**Exercise materials**
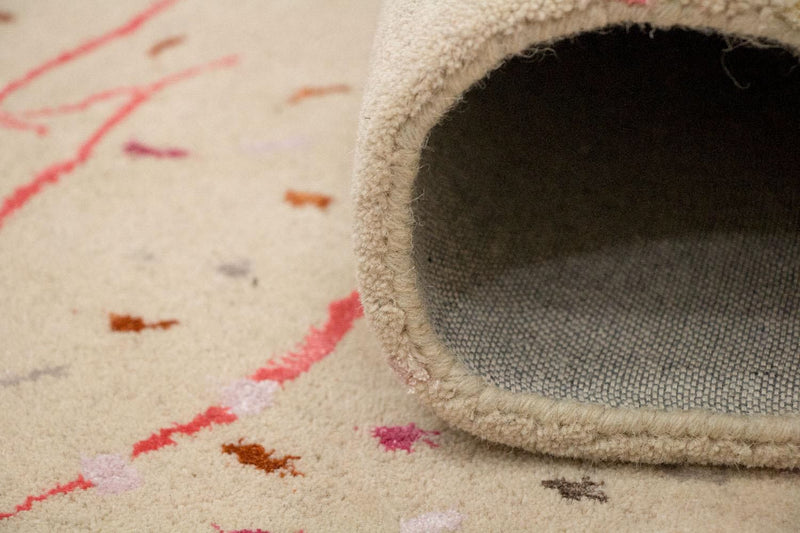 Tappeto di design - 244 x 155 cm - beige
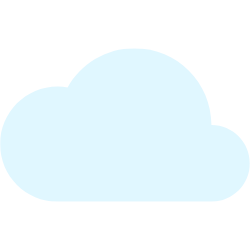 A blue cloud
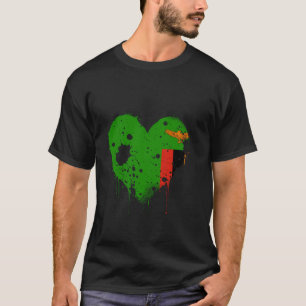 Camiseta Bandera de Zambia Corazón Raíces Zambianas Orgullo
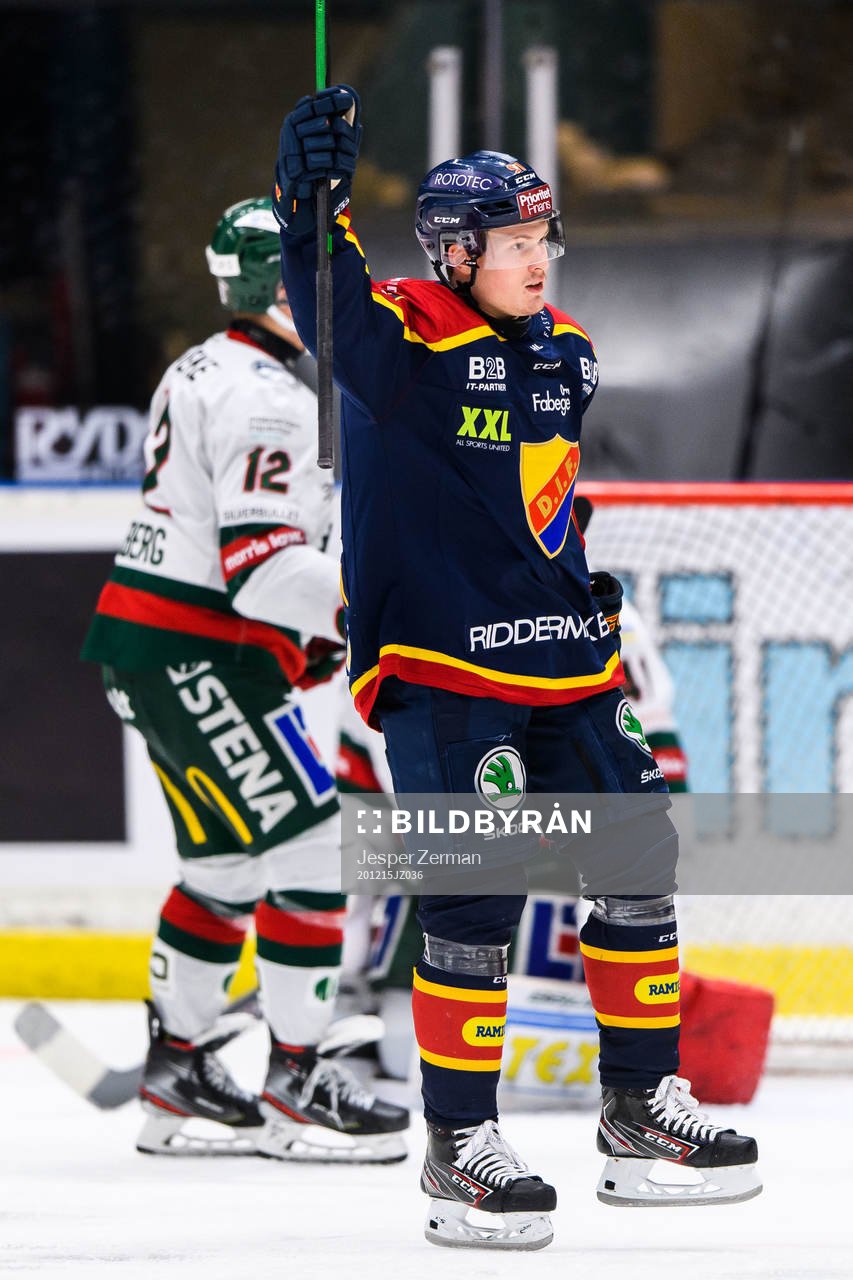 Djurgårdens Linus Andersson jublar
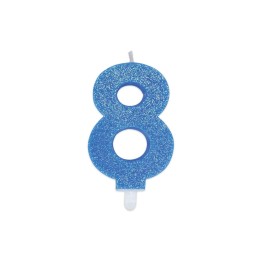 NUM. 8 DI CERA SWEETY CELESTE GLITTER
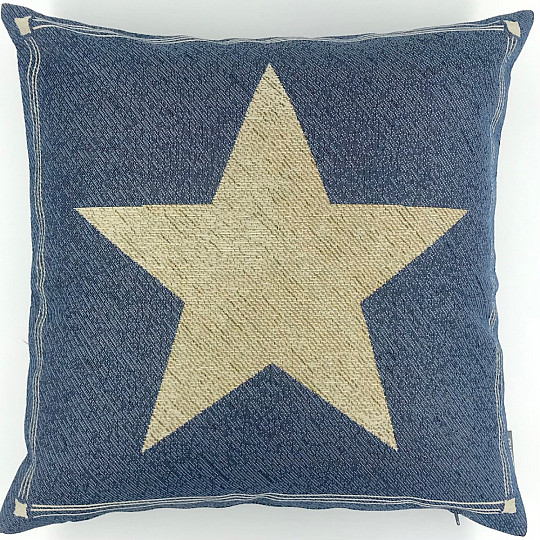 Gobelin-Kissenbezug BLUE STAR 1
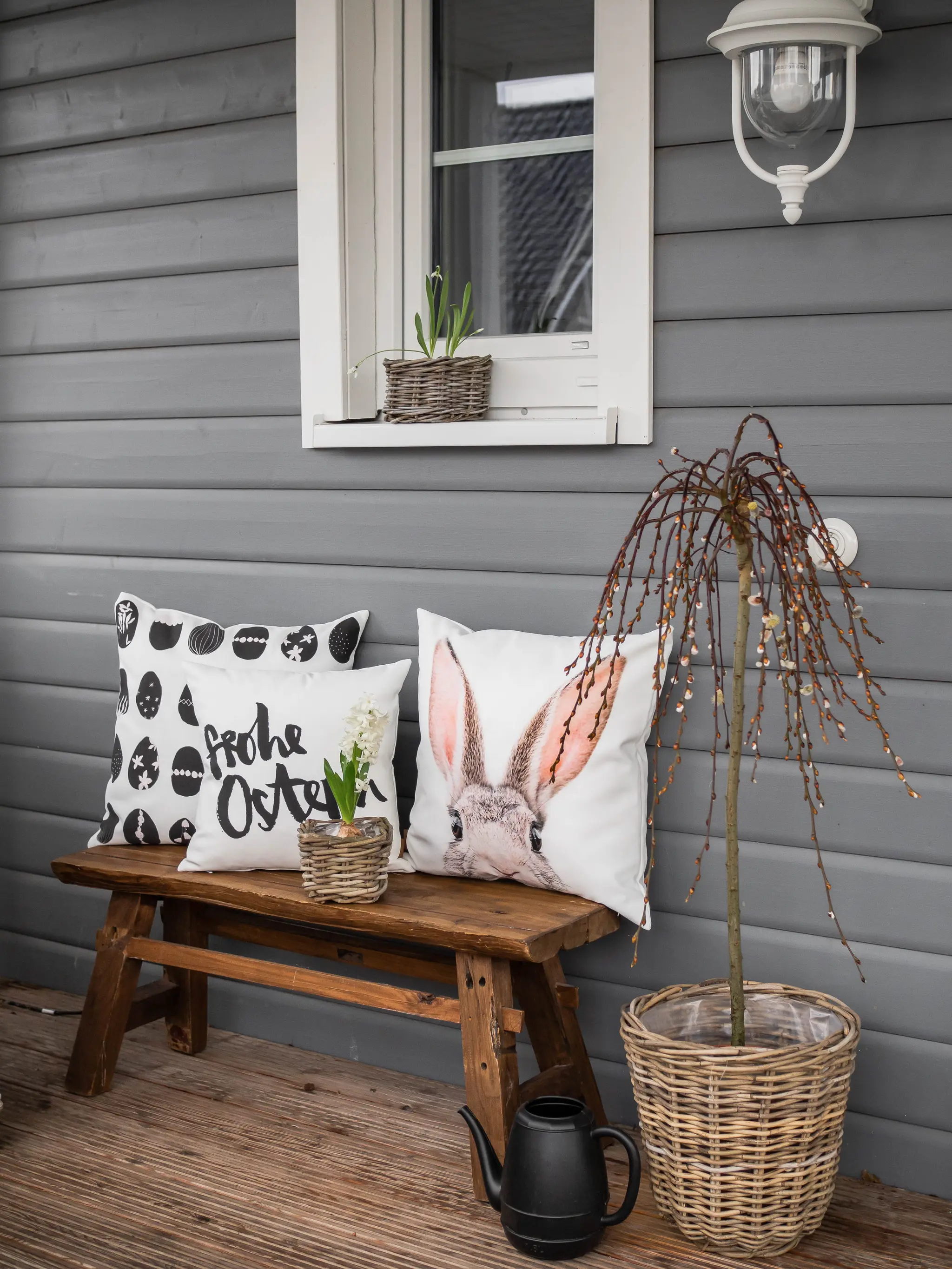 Outdoor-Kissen für die Osterzeit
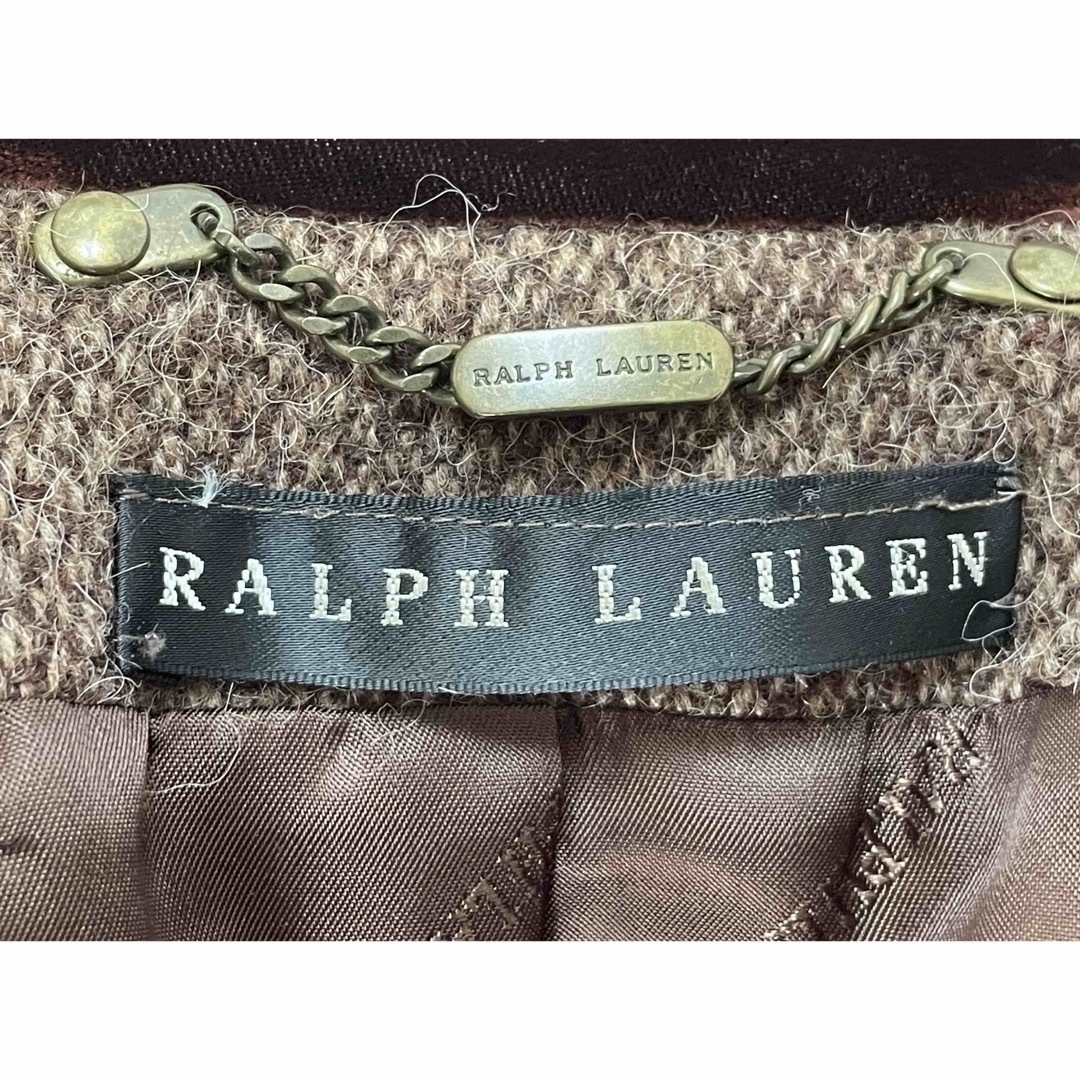 BURBERRY BLACK LABEL(バーバリーブラックレーベル)の【希少品】RALPH LAUREN Black Label ツイードロングコート レディースのジャケット/アウター(ロングコート)の商品写真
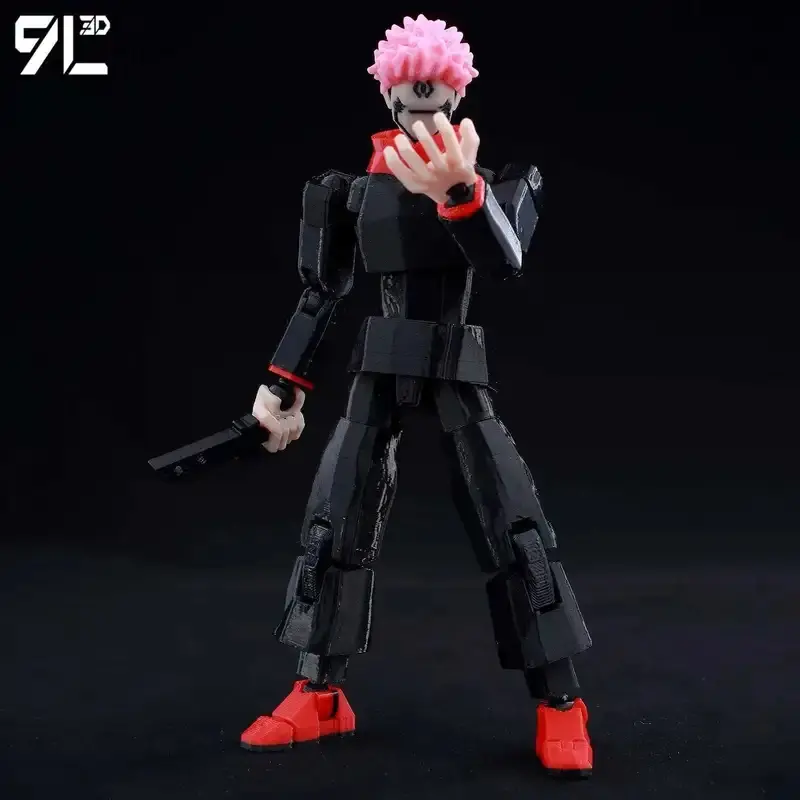 9L3D Dummy13 Itadori Yuji – Protagonist of Jujutsu Kaisen Supernatural Battle Series Combat Style Black Flash Core Technique Toy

**What you have to do**
Without changing a word, restate the listing above; the pictures stay out.

**Your solution**
 Tappeto di design - 244 x 155 cm - beige
 A blue cloud
 Camiseta Bandera de Zambia Corazón Raíces Zambianas Orgullo
 Djurgårdens Linus Andersson jublar
 NUM. 8 DI CERA SWEETY CELESTE GLITTER
 Gobelin-Kissenbezug BLUE STAR 1
 Outdoor-Kissen für die Osterzeit
 BURBERRY BLACK LABEL(バーバリーブラックレーベル)の【希少品】RALPH LAUREN Black Label ツイードロングコート レディースのジャケット/アウター(ロングコート)の商品写真
 9L3D Dummy13 Itadori Yuji – Protagonist of Jujutsu Kaisen Supernatural Battle Series Combat Style Black Flash Core Technique Toy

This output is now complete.